しかし彼には祖母が居る。夫の帰りを楽しみにしている穏やかな祖母。テツオはそんな祖母を心から愛して居る。
中盤の中心はタケル。彼は朗らかで優しい。しかしその優しさの向こうには、また、過去を抱えている。その想いの為に毎日を生きている。
そしておそらく主役で、最もEXILE感を携えていないキャラクター、横山田ヒロシ。場末の演歌歌手である。
序盤からあまり話を紡がないくせに、非常にランタイムを使い、彼の下らないアイドルショーを見せられる。その描きは、如何にもなブラックジョークで、氷川きよしや韓国ドラマに飛び付いた叔母さん達の狂乱ぶりを、有りのままに優雅に滑稽に、そして醜悪に見せる。
結構な失笑です。おそらく「あるある、こんなだよね」と誰もが卑下さえするでしょう。が、しかし、その行く先は更なる狂気の世界でした。おぞましき「ミザリー」の世界。
芸能人が填まった絶対の危機!なのですが、不思議と笑えるのです。いえ、結構、良い感じ。更に更にと展開し、ヒロシの満を持しての"してやったり"が、何故か裏切りにさえ感じてしまう、悪への不可思議な同調感に複雑な気持ちにさせられます。
そして驚きの、感動さえ感じてしまうオチは「愛ってこんなに強いのね」と絶句です。
映像も展開もある意味、非常に刺激的で、"笑う"を超えてアートな仕上がりに驚かされます。
迎えるそれぞれの顛末は驚くほどの絡み具合と衝撃のものと成り、抽象的で余韻深い痕を残します。
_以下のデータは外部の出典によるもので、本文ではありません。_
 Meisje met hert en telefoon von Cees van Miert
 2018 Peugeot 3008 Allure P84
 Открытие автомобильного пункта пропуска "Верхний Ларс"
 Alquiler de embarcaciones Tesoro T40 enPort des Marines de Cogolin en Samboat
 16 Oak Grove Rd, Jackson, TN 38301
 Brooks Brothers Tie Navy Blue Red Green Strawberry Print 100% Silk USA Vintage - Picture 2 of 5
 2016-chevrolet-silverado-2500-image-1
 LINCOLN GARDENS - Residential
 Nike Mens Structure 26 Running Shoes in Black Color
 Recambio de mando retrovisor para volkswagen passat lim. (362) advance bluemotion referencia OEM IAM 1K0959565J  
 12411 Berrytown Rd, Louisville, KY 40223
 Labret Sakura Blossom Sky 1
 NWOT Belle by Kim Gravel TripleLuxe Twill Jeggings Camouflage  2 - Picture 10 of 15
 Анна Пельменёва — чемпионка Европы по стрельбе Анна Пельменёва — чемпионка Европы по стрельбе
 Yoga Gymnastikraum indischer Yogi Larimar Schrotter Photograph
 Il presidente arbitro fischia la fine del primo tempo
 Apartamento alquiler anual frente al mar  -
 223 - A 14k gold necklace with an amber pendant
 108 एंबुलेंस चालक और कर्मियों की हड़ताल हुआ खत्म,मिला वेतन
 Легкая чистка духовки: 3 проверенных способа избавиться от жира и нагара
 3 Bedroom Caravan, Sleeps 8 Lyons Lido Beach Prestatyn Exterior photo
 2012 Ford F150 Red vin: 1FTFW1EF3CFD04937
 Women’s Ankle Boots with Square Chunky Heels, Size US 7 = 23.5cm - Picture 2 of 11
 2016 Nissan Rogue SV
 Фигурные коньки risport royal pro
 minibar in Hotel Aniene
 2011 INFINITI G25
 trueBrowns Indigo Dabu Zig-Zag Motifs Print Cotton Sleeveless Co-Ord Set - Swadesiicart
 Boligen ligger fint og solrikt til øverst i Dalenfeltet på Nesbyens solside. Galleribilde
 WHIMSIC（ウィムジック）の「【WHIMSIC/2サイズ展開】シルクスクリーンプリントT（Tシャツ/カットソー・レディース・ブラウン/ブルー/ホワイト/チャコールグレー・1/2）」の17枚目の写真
日本では、映画を異空間に飛ばして何でも有りで成るようにしか成らない...そんな作品が多いけれど、今作は良くも悪くも地に足の着いた描き。先行きが、生きるも死ぬも有り得て分からず、目が離せませんでした。
ちゃんと勧善懲悪も有り、安心して観終えられるのも良かったです。
またみんな演技が上手い。脇役叔母さんまで非常に上手い。日本映画の未来を担うはSABU監督と劇団EXILEか?!と思うほどです。
また、20年前からSABU監督が拘る"走る"は走らないシーンさえ走っているようで、これまた見事でした。ずっと観てきたもの、SABU作品。
「うさぎドロップ」は途中断念しましたが...
主演横山田ヒロシ役に青柳翔。私、詳しくないので彼は劇団EXILEなのか分かりませんが、EXILEっぽい"らしさ"に欠く事が、逆に彼を良き役者に押し上げていると思います。
ちょっと、こ憎らしい逆上せ上がり芸能人を余裕で演じております。更に彼の顛末の見事さは、世の"誰かに焦がれる想い人"に勇気と希望を与えます。...ちょっと言い過ぎ。
テツオ役は鈴木伸之。彼はEXILE?でしょう。役に没頭して暴力パートを担います。そうなると如何にもEXILEっぽく成りそうですが、寡黙で怒りに目を輝かせながら、その一方で祖母を慕う優しさを全身から滲ませます。彼の顛末は"終わり""救い""お迎え"と言うところ。
タケル役は町田啓太。「女子的生活」でトランスジェンダー主人公の旧友を演じた彼です。
私、まあ切っ掛けは「女子的生活」なのですが、町田君を応援しております。
そんな彼の役回りは...残念ながらちょっと地味。誰よりも因果たっぷりな役どころなのですが、正直、存在感は薄いです。残念。彼の顛末はきちんと描かれませんが、映像から取るに、良い終わり方に思えます。
そんな三人の思いは直接的では無く、ただその場に居合わせた程度では有りますが、登場人物が状況に交錯し、思わぬところで真実を明かします。罪を背負った者達、そしてその罪に巻き込まれた者達の狂想曲は、突っ走り、思い巡らせその先に、彼等の悲痛な願いを叶えます。
叔母ちゃんパートは呆れるほど長く、一見、面倒臭いです。しかし終わってみれば一番、愛らしく、そして衝撃的な顛末に。
SABU監督は、行き過ぎた思いは"有るものだ"と受け入れ、その先を描こうとする包容力と想像力、"作り手の達観"を見せ付けます。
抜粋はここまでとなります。